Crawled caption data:
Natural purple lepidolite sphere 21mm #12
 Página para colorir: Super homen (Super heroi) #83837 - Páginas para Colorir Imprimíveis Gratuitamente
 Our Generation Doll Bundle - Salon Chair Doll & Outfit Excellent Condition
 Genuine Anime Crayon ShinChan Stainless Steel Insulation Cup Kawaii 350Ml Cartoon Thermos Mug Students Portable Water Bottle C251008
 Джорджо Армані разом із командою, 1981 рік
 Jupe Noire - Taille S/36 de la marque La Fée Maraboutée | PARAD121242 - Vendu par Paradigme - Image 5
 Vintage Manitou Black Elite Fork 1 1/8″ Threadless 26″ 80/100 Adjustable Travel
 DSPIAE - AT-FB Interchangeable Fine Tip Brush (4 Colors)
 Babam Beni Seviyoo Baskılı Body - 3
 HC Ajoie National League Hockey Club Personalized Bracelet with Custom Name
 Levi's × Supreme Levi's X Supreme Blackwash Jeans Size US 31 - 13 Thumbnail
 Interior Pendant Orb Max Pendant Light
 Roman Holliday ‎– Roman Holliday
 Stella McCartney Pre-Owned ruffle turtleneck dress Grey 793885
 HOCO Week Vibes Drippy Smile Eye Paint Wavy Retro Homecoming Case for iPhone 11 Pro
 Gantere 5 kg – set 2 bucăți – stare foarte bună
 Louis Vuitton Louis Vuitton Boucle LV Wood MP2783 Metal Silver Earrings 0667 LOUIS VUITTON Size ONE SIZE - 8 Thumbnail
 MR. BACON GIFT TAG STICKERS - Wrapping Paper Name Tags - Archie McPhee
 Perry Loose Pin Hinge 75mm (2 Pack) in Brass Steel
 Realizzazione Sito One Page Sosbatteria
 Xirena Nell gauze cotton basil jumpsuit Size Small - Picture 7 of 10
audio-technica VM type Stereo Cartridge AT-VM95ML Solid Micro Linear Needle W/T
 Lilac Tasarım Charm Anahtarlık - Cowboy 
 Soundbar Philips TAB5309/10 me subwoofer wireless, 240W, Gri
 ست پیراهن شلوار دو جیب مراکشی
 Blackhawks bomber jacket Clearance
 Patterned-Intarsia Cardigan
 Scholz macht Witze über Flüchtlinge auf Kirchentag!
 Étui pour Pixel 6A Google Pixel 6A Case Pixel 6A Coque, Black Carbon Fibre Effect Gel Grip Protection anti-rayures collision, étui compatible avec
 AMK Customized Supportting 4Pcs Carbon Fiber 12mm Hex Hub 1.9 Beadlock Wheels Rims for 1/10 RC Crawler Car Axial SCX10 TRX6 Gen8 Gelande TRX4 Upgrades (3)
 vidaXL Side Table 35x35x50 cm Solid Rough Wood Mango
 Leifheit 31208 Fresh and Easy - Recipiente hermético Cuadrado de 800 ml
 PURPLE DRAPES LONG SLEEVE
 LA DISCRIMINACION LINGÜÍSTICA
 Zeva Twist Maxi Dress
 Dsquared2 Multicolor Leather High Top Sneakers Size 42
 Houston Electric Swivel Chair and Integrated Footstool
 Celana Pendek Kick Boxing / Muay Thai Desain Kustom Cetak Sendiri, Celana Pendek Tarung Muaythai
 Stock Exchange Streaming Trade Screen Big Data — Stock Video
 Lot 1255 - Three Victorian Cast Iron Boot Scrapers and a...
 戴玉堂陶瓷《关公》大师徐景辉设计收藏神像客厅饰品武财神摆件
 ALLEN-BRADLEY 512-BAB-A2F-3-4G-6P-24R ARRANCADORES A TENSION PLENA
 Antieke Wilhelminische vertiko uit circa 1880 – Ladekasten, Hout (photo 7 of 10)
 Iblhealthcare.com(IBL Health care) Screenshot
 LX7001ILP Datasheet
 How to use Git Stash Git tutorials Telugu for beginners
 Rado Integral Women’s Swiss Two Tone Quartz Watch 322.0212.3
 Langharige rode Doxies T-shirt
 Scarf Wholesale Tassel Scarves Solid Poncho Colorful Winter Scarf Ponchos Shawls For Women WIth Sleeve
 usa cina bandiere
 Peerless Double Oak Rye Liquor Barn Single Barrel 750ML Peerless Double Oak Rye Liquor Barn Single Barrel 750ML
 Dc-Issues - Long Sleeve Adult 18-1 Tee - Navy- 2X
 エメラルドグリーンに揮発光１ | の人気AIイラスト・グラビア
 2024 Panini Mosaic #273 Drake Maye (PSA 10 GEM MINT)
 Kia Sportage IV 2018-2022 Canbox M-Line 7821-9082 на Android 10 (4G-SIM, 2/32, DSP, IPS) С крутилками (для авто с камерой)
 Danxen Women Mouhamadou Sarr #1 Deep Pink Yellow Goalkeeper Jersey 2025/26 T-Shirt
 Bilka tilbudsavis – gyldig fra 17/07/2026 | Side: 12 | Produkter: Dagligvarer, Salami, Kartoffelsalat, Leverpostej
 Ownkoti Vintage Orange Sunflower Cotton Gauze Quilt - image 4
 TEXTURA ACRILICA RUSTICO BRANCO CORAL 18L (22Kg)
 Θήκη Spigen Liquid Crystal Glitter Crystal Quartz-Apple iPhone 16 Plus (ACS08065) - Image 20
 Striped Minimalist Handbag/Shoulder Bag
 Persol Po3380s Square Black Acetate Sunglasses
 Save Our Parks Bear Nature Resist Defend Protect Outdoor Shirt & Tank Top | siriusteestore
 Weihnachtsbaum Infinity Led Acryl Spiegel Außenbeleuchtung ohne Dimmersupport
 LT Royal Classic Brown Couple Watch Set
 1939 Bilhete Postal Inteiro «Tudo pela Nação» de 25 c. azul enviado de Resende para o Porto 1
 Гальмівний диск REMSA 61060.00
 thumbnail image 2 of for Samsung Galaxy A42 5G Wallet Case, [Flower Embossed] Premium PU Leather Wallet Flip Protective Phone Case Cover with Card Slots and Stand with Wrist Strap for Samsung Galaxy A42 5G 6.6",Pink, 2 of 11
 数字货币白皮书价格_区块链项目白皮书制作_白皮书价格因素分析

■ **Task to carry out**
Write the entries out once more, exactly as given.

■ **Written answer**
Natural purple lepidolite sphere 21mm #12
 Página para colorir: Super homen (Super heroi) #83837 - Páginas para Colorir Imprimíveis Gratuitamente
 Our Generation Doll Bundle - Salon Chair Doll & Outfit Excellent Condition
 Genuine Anime Crayon ShinChan Stainless Steel Insulation Cup Kawaii 350Ml Cartoon Thermos Mug Students Portable Water Bottle C251008
 Джорджо Армані разом із командою, 1981 рік
 Jupe Noire - Taille S/36 de la marque La Fée Maraboutée | PARAD121242 - Vendu par Paradigme - Image 5
 Vintage Manitou Black Elite Fork 1 1/8″ Threadless 26″ 80/100 Adjustable Travel
 DSPIAE - AT-FB Interchangeable Fine Tip Brush (4 Colors)
 Babam Beni Seviyoo Baskılı Body - 3
 HC Ajoie National League Hockey Club Personalized Bracelet with Custom Name
 Levi's × Supreme Levi's X Supreme Blackwash Jeans Size US 31 - 13 Thumbnail
 Interior Pendant Orb Max Pendant Light
 Roman Holliday ‎– Roman Holliday
 Stella McCartney Pre-Owned ruffle turtleneck dress Grey 793885
 HOCO Week Vibes Drippy Smile Eye Paint Wavy Retro Homecoming Case for iPhone 11 Pro
 Gantere 5 kg – set 2 bucăți – stare foarte bună
 Louis Vuitton Louis Vuitton Boucle LV Wood MP2783 Metal Silver Earrings 0667 LOUIS VUITTON Size ONE SIZE - 8 Thumbnail
 MR. BACON GIFT TAG STICKERS - Wrapping Paper Name Tags - Archie McPhee
 Perry Loose Pin Hinge 75mm (2 Pack) in Brass Steel
 Realizzazione Sito One Page Sosbatteria
 Xirena Nell gauze cotton basil jumpsuit Size Small - Picture 7 of 10
audio-technica VM type Stereo Cartridge AT-VM95ML Solid Micro Linear Needle W/T
 Lilac Tasarım Charm Anahtarlık - Cowboy 
 Soundbar Philips TAB5309/10 me subwoofer wireless, 240W, Gri
 ست پیراهن شلوار دو جیب مراکشی
 Blackhawks bomber jacket Clearance
 Patterned-Intarsia Cardigan
 Scholz macht Witze über Flüchtlinge auf Kirchentag!
 Étui pour Pixel 6A Google Pixel 6A Case Pixel 6A Coque, Black Carbon Fibre Effect Gel Grip Protection anti-rayures collision, étui compatible avec
 AMK Customized Supportting 4Pcs Carbon Fiber 12mm Hex Hub 1.9 Beadlock Wheels Rims for 1/10 RC Crawler Car Axial SCX10 TRX6 Gen8 Gelande TRX4 Upgrades (3)
 vidaXL Side Table 35x35x50 cm Solid Rough Wood Mango
 Leifheit 31208 Fresh and Easy - Recipiente hermético Cuadrado de 800 ml
 PURPLE DRAPES LONG SLEEVE
 LA DISCRIMINACION LINGÜÍSTICA
 Zeva Twist Maxi Dress
 Dsquared2 Multicolor Leather High Top Sneakers Size 42
 Houston Electric Swivel Chair and Integrated Footstool
 Celana Pendek Kick Boxing / Muay Thai Desain Kustom Cetak Sendiri, Celana Pendek Tarung Muaythai
 Stock Exchange Streaming Trade Screen Big Data — Stock Video
 Lot 1255 - Three Victorian Cast Iron Boot Scrapers and a...
 戴玉堂陶瓷《关公》大师徐景辉设计收藏神像客厅饰品武财神摆件
 ALLEN-BRADLEY 512-BAB-A2F-3-4G-6P-24R ARRANCADORES A TENSION PLENA
 Antieke Wilhelminische vertiko uit circa 1880 – Ladekasten, Hout (photo 7 of 10)
 Iblhealthcare.com(IBL Health care) Screenshot
 LX7001ILP Datasheet
 How to use Git Stash Git tutorials Telugu for beginners
 Rado Integral Women’s Swiss Two Tone Quartz Watch 322.0212.3
 Langharige rode Doxies T-shirt
 Scarf Wholesale Tassel Scarves Solid Poncho Colorful Winter Scarf Ponchos Shawls For Women WIth Sleeve
 usa cina bandiere
 Peerless Double Oak Rye Liquor Barn Single Barrel 750ML Peerless Double Oak Rye Liquor Barn Single Barrel 750ML
 Dc-Issues - Long Sleeve Adult 18-1 Tee - Navy- 2X
 エメラルドグリーンに揮発光１ | の人気AIイラスト・グラビア
 2024 Panini Mosaic #273 Drake Maye (PSA 10 GEM MINT)
 Kia Sportage IV 2018-2022 Canbox M-Line 7821-9082 на Android 10 (4G-SIM, 2/32, DSP, IPS) С крутилками (для авто с камерой)
 Danxen Women Mouhamadou Sarr #1 Deep Pink Yellow Goalkeeper Jersey 2025/26 T-Shirt
 Bilka tilbudsavis – gyldig fra 17/07/2026 | Side: 12 | Produkter: Dagligvarer, Salami, Kartoffelsalat, Leverpostej
 Ownkoti Vintage Orange Sunflower Cotton Gauze Quilt - image 4
 TEXTURA ACRILICA RUSTICO BRANCO CORAL 18L (22Kg)
 Θήκη Spigen Liquid Crystal Glitter Crystal Quartz-Apple iPhone 16 Plus (ACS08065) - Image 20
 Striped Minimalist Handbag/Shoulder Bag
 Persol Po3380s Square Black Acetate Sunglasses
 Save Our Parks Bear Nature Resist Defend Protect Outdoor Shirt & Tank Top | siriusteestore
 Weihnachtsbaum Infinity Led Acryl Spiegel Außenbeleuchtung ohne Dimmersupport
 LT Royal Classic Brown Couple Watch Set
 1939 Bilhete Postal Inteiro «Tudo pela Nação» de 25 c. azul enviado de Resende para o Porto 1
 Гальмівний диск REMSA 61060.00
 thumbnail image 2 of for Samsung Galaxy A42 5G Wallet Case, [Flower Embossed] Premium PU Leather Wallet Flip Protective Phone Case Cover with Card Slots and Stand with Wrist Strap for Samsung Galaxy A42 5G 6.6",Pink, 2 of 11
 数字货币白皮书价格_区块链项目白皮书制作_白皮书价格因素分析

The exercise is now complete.